A Universal Computation Class of Cellular Automata

Figure 12 shows patterns obtained by evolution from disordered initial states according to a class 4 cellular automaton rule. Complicated behavior is evident. In most cases all sites eventually ''die'' (attain value 0). In some cases, however, persistent structures that survive for an infinite time are generated, and a few of these persistent structures propagate with time. Figure 13 shows all the persistent structures generated from initial states with nonzero sites in a region of twenty or fewer sites. Unlike the periodic structures of class 2 cellular automata, these persistent structures have no simple patterns. In addition, the propagating structures allow site values at one position to affect arbitrarily distant sites after a sufficiently long time. No analogous behavior has yet been found in a continuous dynamical system.
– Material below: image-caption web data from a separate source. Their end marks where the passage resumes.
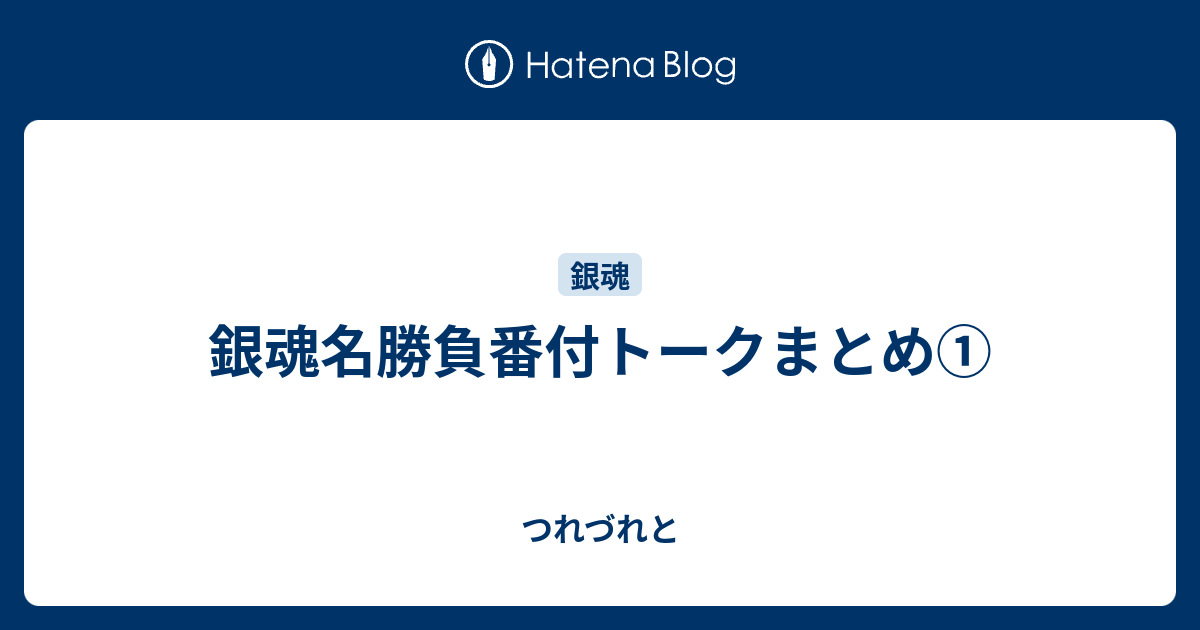 銀魂名勝負番付トークまとめ つれづれと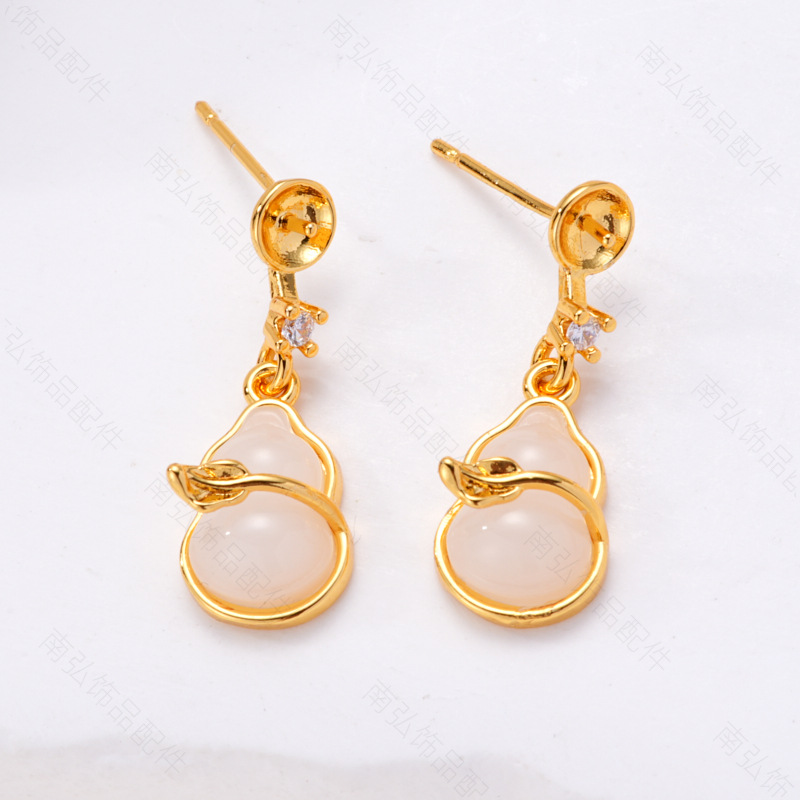 Pearl ring, earneedle pendant, micro-inlaid three-piece set, empty stand, natural stone gourd, oil-dripping crushed shells, DIY gourd element Specification image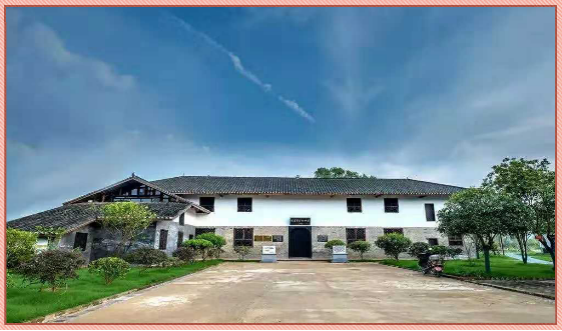 平江縣星火燎原紅色文化教育培訓(xùn)學(xué)校有限公司,平江黨建,研學(xué),紅色精神 平江縣星火燎原紅色文化教育培訓(xùn)學(xué)校有限公司,平江黨建,研學(xué),紅色精神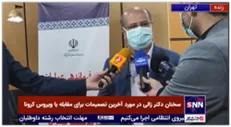 زالی: فرمایشات رهبری می تواند اسلوب جدیدی را برای بازآرایی نیروها برای مقابله با کرونا ایجاد کند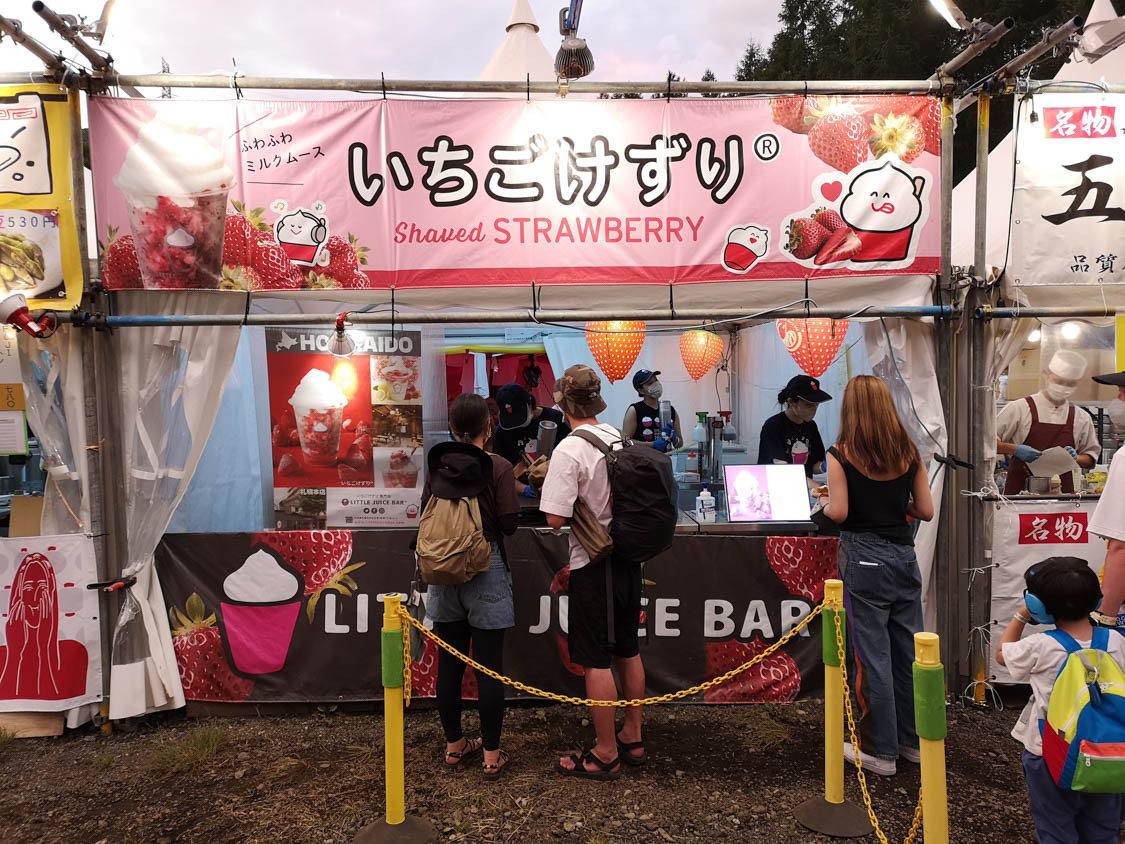 リトルジュースバー。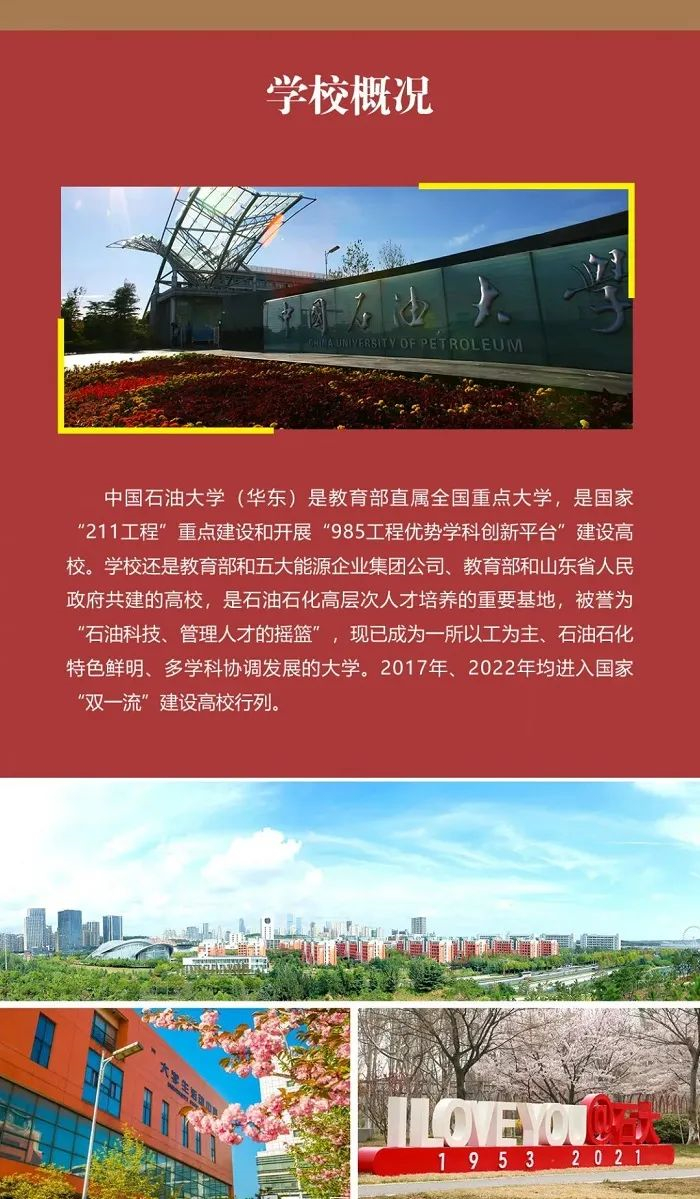 研粒MBA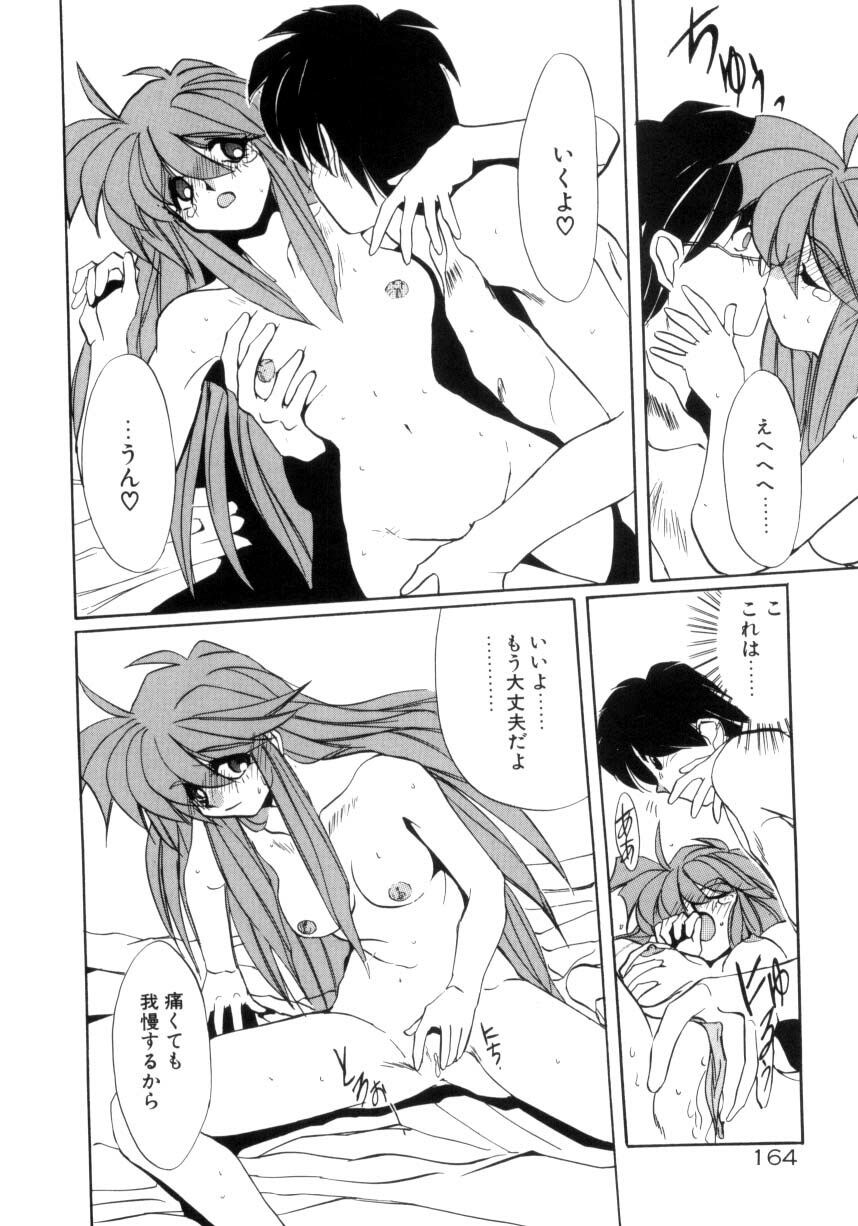 [Jouji Ichiretsu] Photogenic Love page 165 full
The complexity apparent in the behavior of class 4 cellular automata suggests the conjecture that these systems may be capable of universal computation. A computer may be regarded as a system in which definite rules are used to transform an initial sequence of, say, 1's and 0's to a final sequence of 1's and 0's. The initial sequence may be considered as a program and data stored in computer memory, and part of the final sequence may be considered as the result of the computation. Cellular automata may be considered as computers; their initial configurations represent programs and initial data, and their configurations after a long time contain the results of computations.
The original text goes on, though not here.